** MATERIALS PROVIDED follows **
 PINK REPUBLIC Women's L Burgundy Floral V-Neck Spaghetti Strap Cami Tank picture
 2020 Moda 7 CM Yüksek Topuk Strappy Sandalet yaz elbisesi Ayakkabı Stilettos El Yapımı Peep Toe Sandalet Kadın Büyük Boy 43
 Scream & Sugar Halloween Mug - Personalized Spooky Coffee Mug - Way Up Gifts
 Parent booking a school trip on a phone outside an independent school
** End of MATERIALS PROVIDED **
** MATERIALS PROVIDED follows **
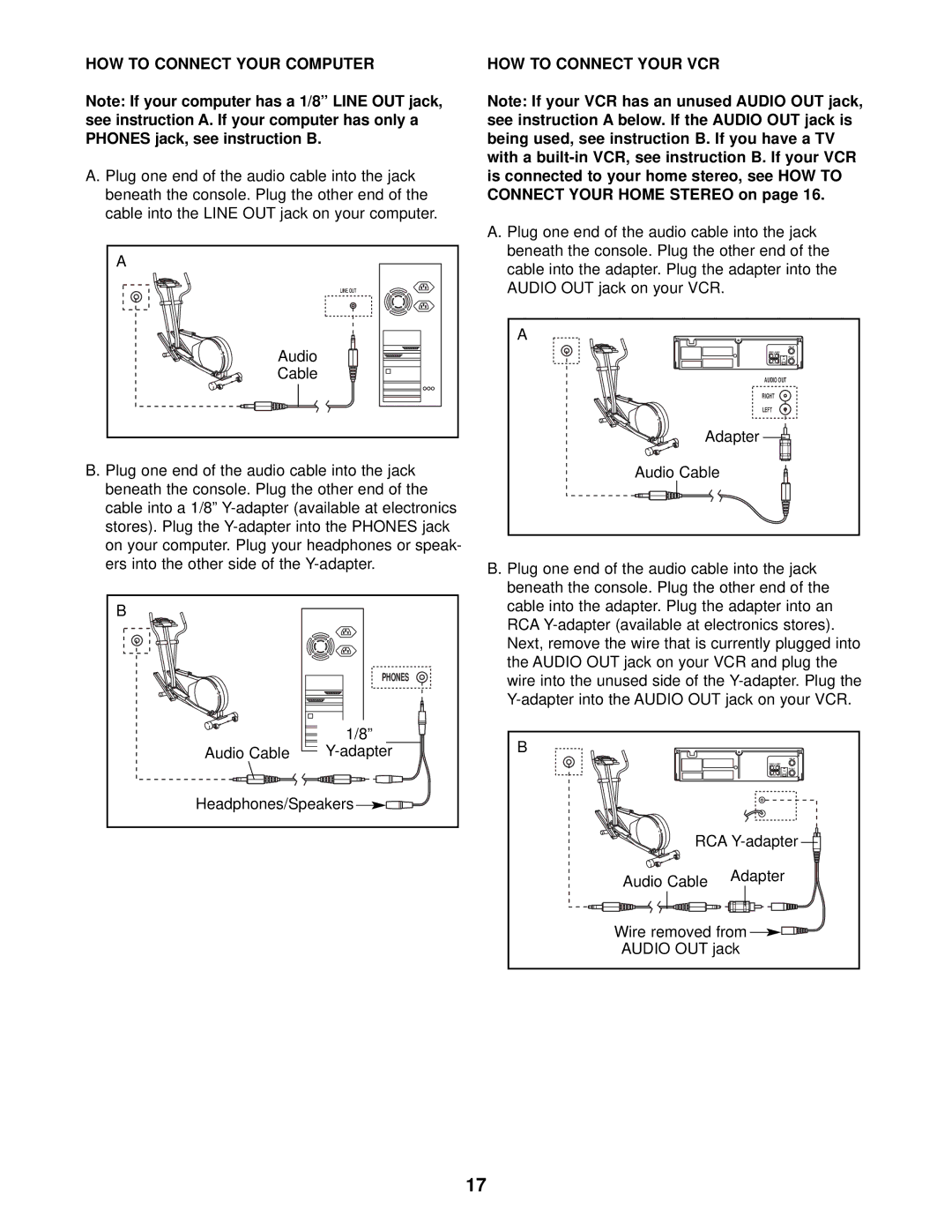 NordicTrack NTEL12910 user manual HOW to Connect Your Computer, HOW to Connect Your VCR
** End of MATERIALS PROVIDED **
ACTIVITY: In the data above, find the line with "2020 Moda 7" and the line with "Scream & Sugar". Retype both, plus every line between them, exactly.

EXERCISE RESULT:
 2020 Moda 7 CM Yüksek Topuk Strappy Sandalet yaz elbisesi Ayakkabı Stilettos El Yapımı Peep Toe Sandalet Kadın Büyük Boy 43
 Scream & Sugar Halloween Mug - Personalized Spooky Coffee Mug - Way Up Gifts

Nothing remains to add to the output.